* DATASET EXTRACT

<<<<

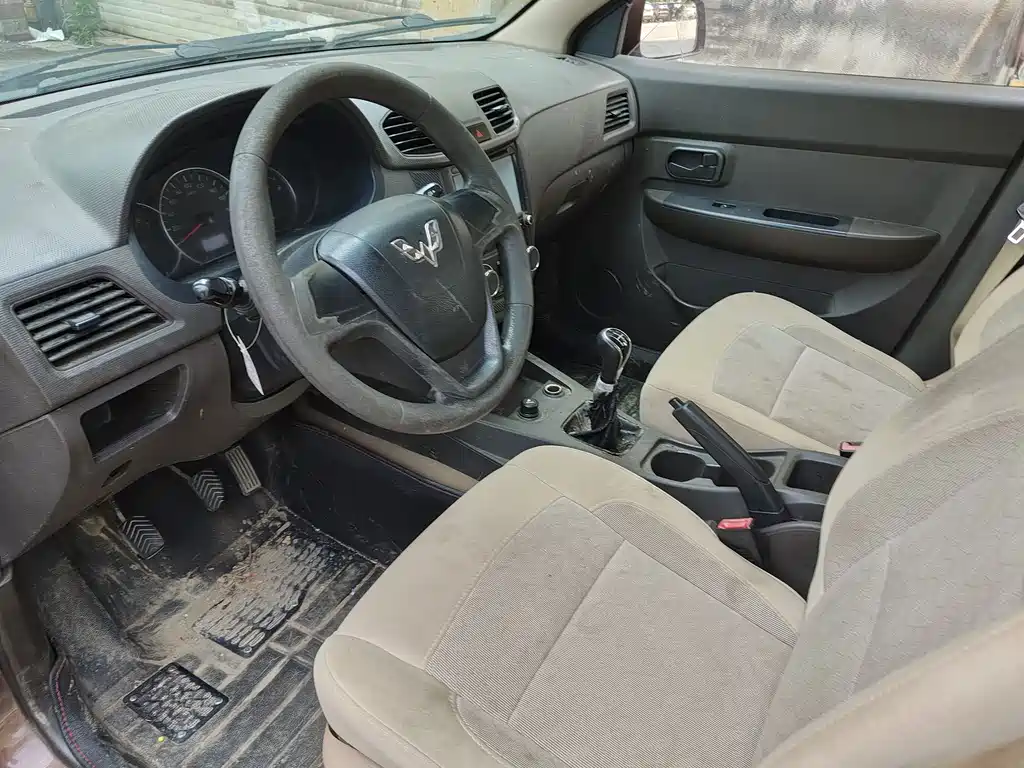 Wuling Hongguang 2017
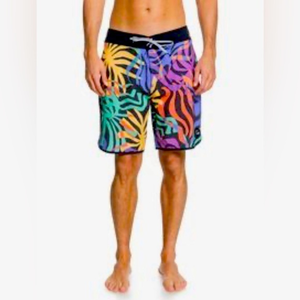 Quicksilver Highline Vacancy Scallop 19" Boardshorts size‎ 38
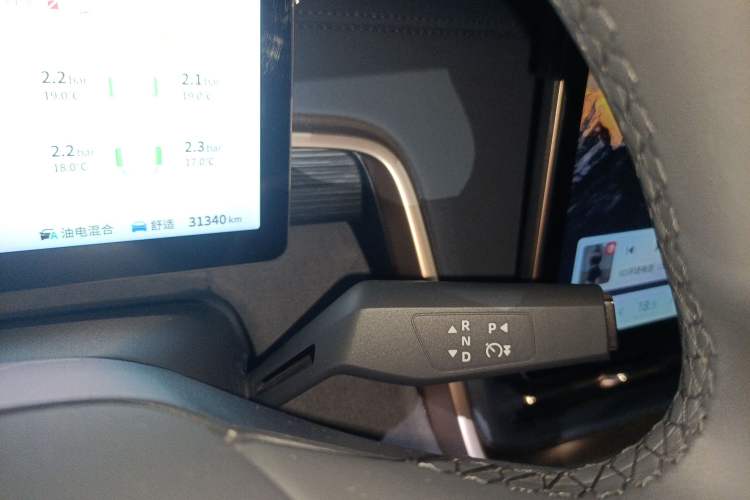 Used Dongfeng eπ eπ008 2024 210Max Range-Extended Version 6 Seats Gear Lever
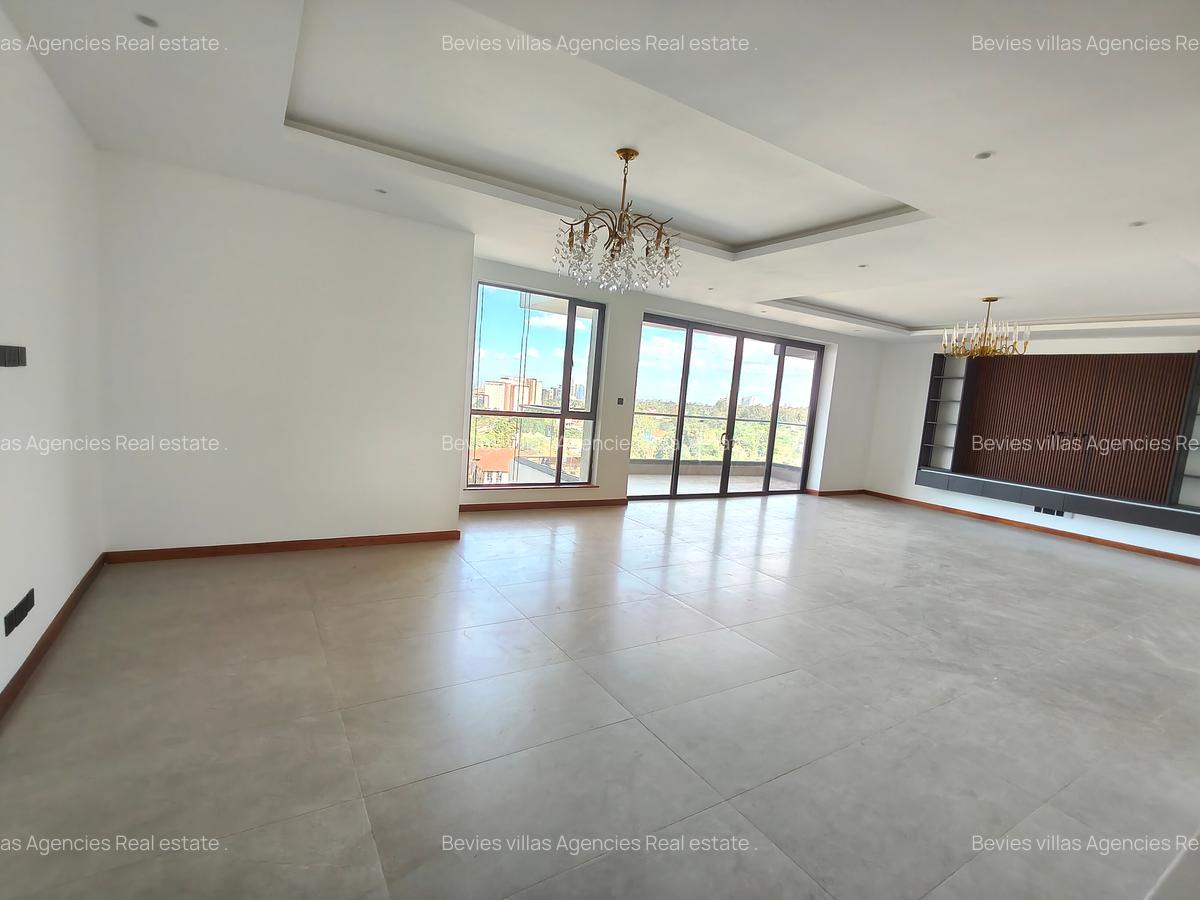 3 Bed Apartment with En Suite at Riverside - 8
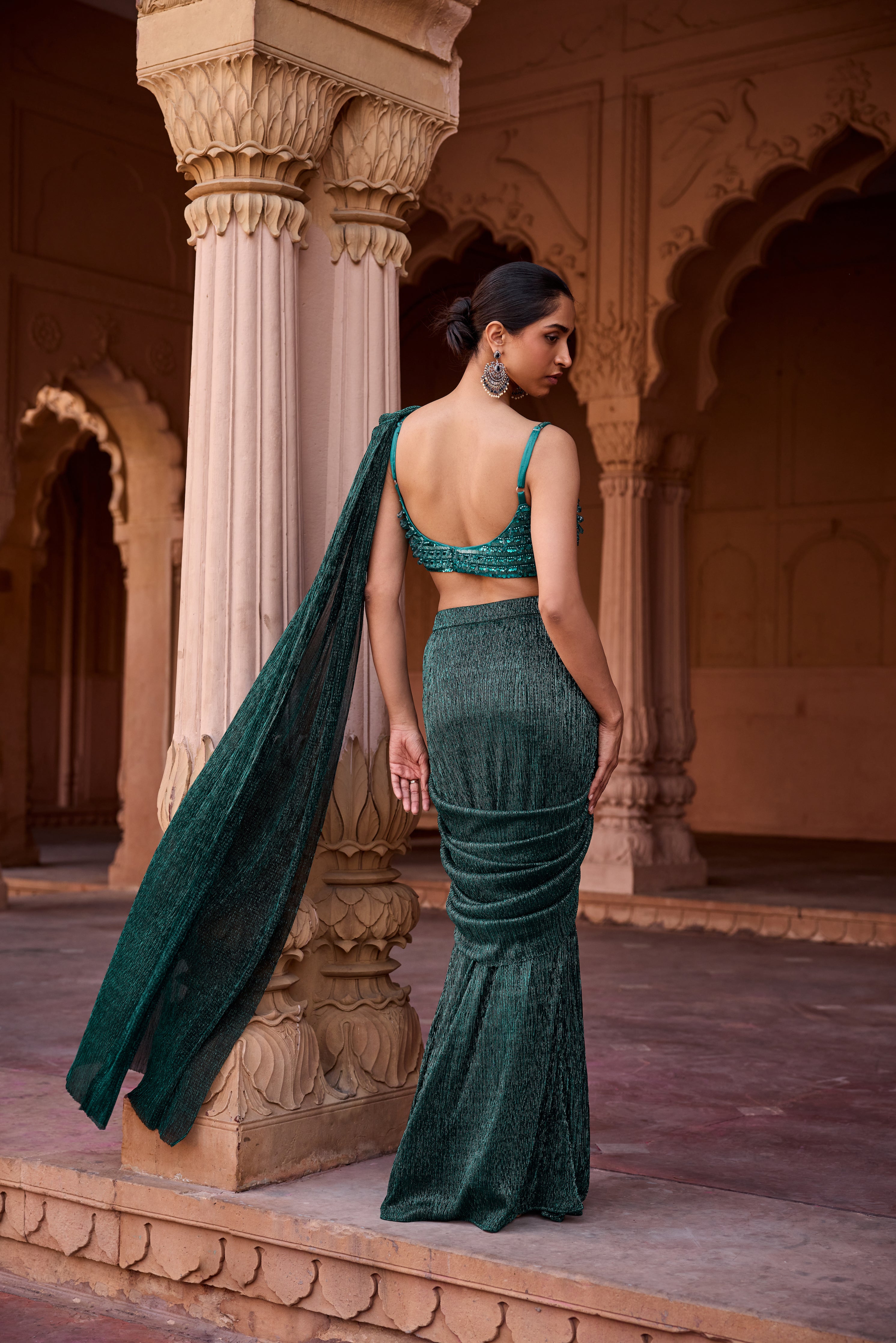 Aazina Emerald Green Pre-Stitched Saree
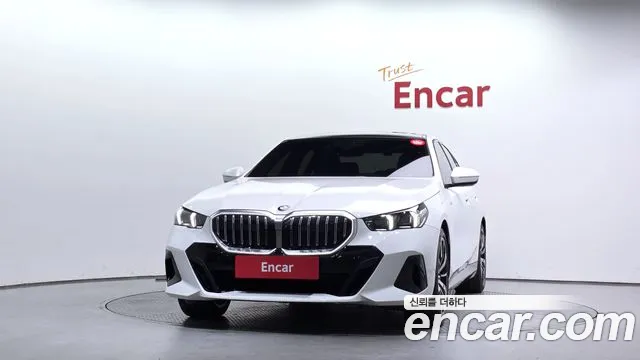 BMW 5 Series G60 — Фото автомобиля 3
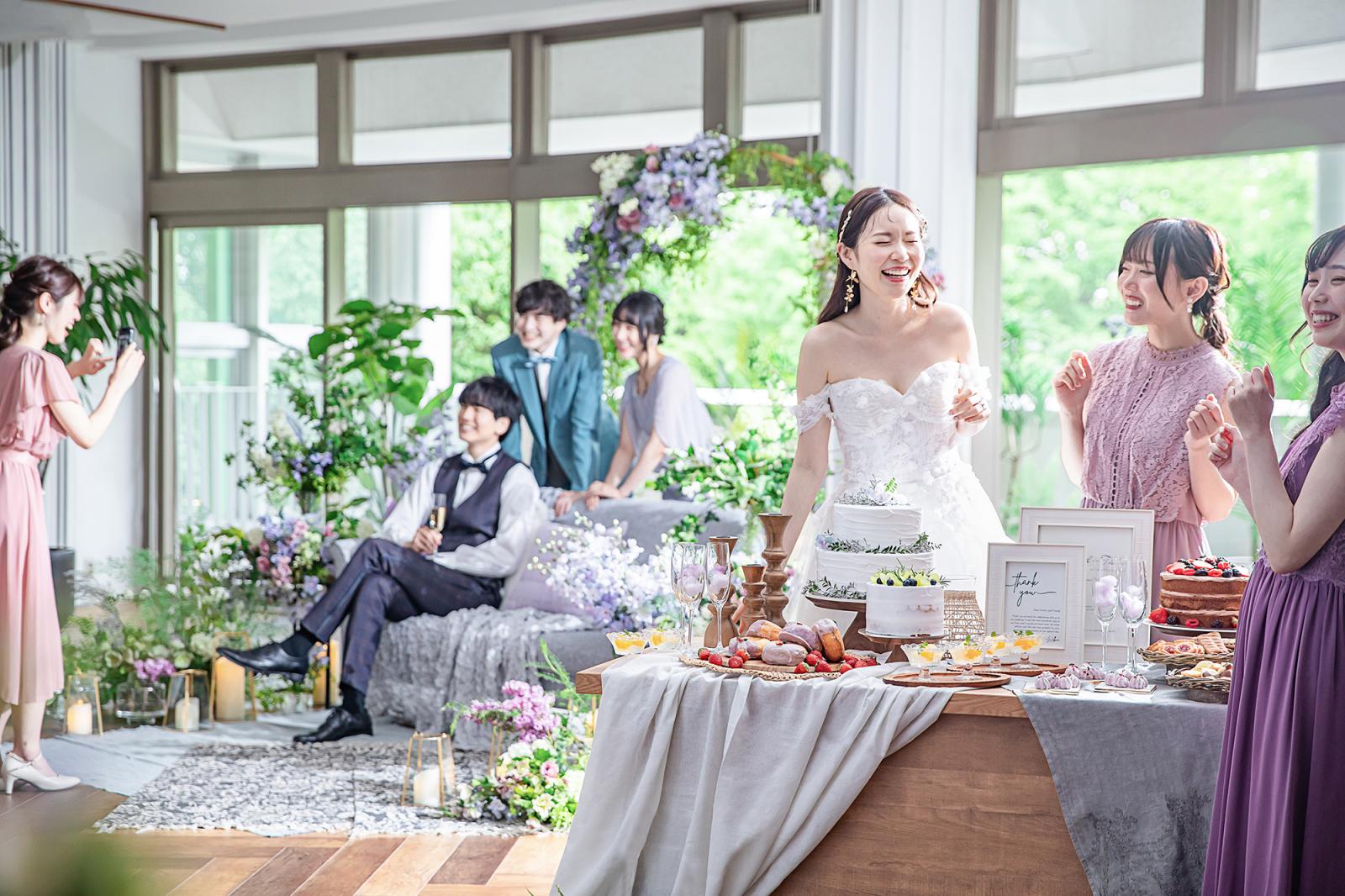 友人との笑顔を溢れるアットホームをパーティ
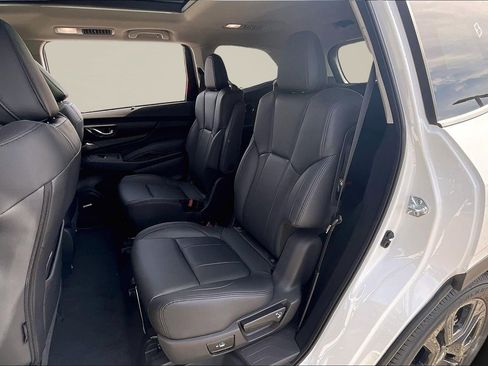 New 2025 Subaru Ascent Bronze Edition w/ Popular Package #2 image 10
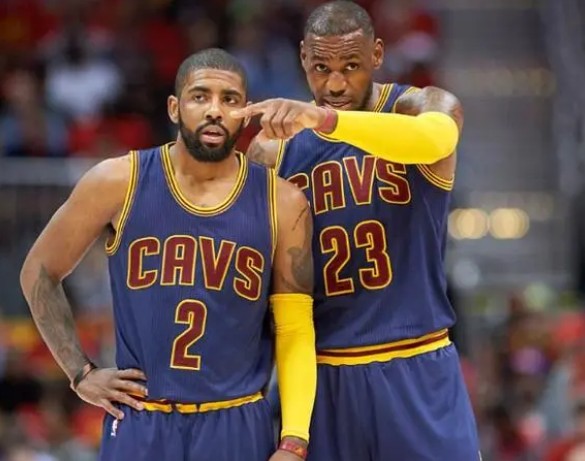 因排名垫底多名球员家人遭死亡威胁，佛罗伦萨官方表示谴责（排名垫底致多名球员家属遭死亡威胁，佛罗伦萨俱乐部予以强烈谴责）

>>>>

* WHAT NEEDS TO BE DONE
Emit the lines of the data above from the one containing "3 Bed Apartment" through its final line, both endpoints included. Pictures do not belong in the output.

* EXERCISE RESPONSE
 3 Bed Apartment with En Suite at Riverside - 8
 Aazina Emerald Green Pre-Stitched Saree
 BMW 5 Series G60 — Фото автомобиля 3
 友人との笑顔を溢れるアットホームをパーティ
 New 2025 Subaru Ascent Bronze Edition w/ Popular Package #2 image 10
 因排名垫底多名球员家人遭死亡威胁，佛罗伦萨官方表示谴责（排名垫底致多名球员家属遭死亡威胁，佛罗伦萨俱乐部予以强烈谴责）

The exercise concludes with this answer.